*** Opening Extracted information ***

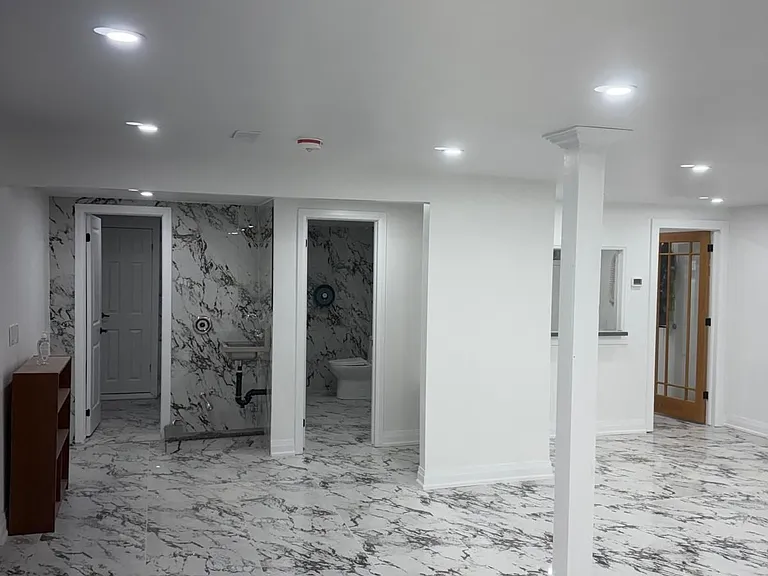 69 Southworth St N — Photo 2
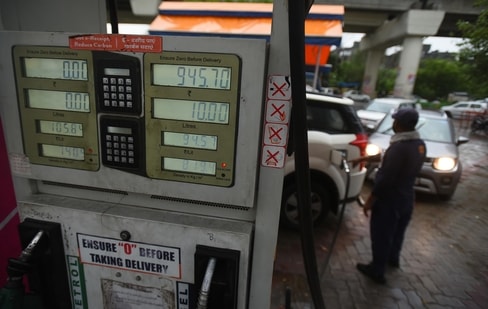 Petrol price displayed on a fuel pump at a petrol station in New Delhi, (HT File Photo/Representative Photo)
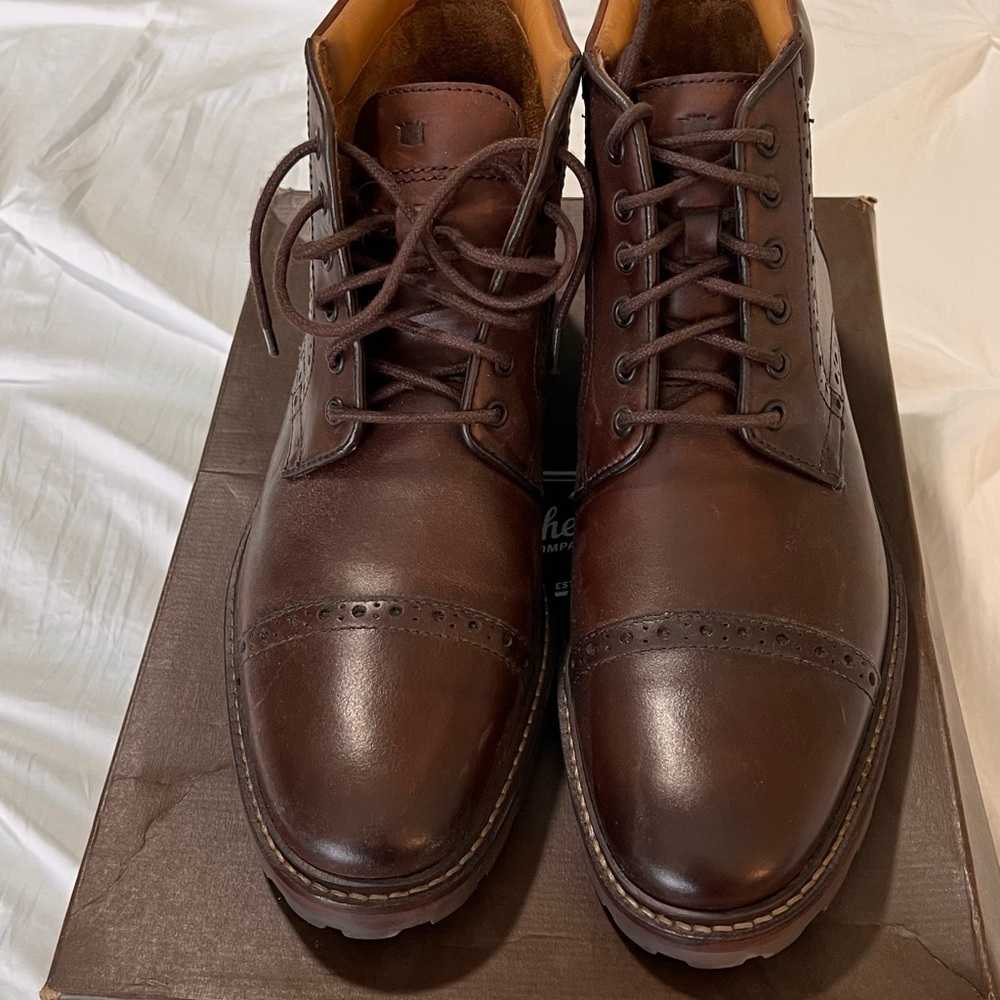 New Florsheim Fenway Cap Toe Boot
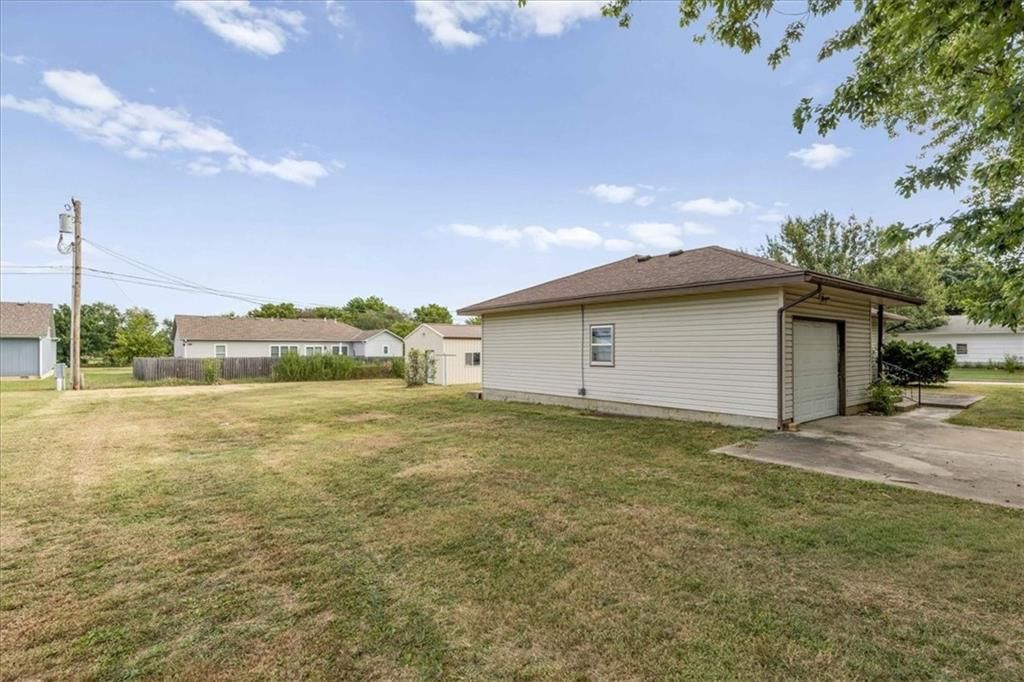 321 Kaw Avenue — photo 21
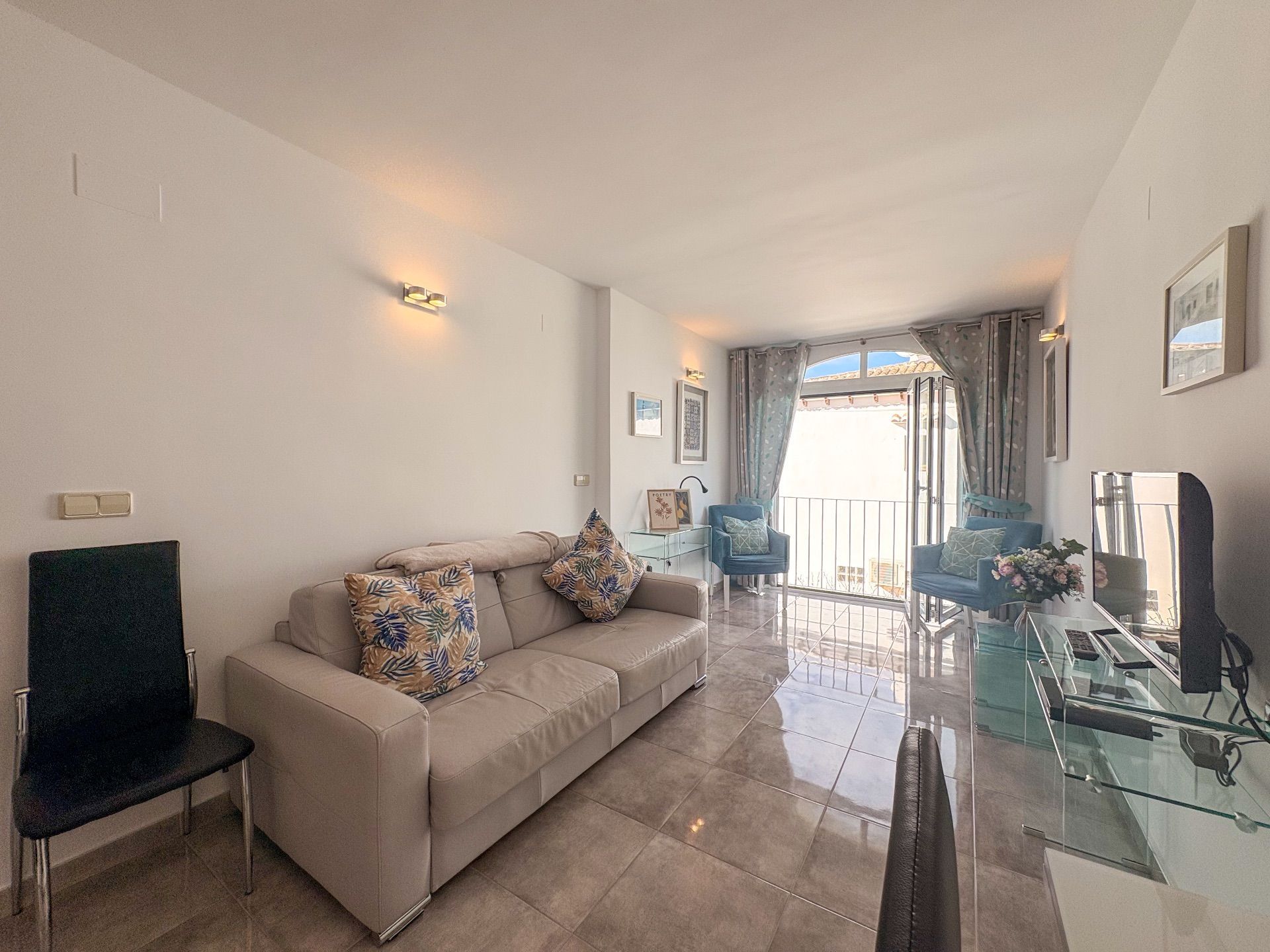 Living room of Flat to rent in Torrevieja  with Air Conditioner, Heating and Furnished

*** Closing Extracted information ***

## How to complete this task
Give the listing again word for word. Skip any pictures.

## Exercise output
 69 Southworth St N — Photo 2
 Petrol price displayed on a fuel pump at a petrol station in New Delhi, (HT File Photo/Representative Photo)
 New Florsheim Fenway Cap Toe Boot
 321 Kaw Avenue — photo 21
 Living room of Flat to rent in Torrevieja  with Air Conditioner, Heating and Furnished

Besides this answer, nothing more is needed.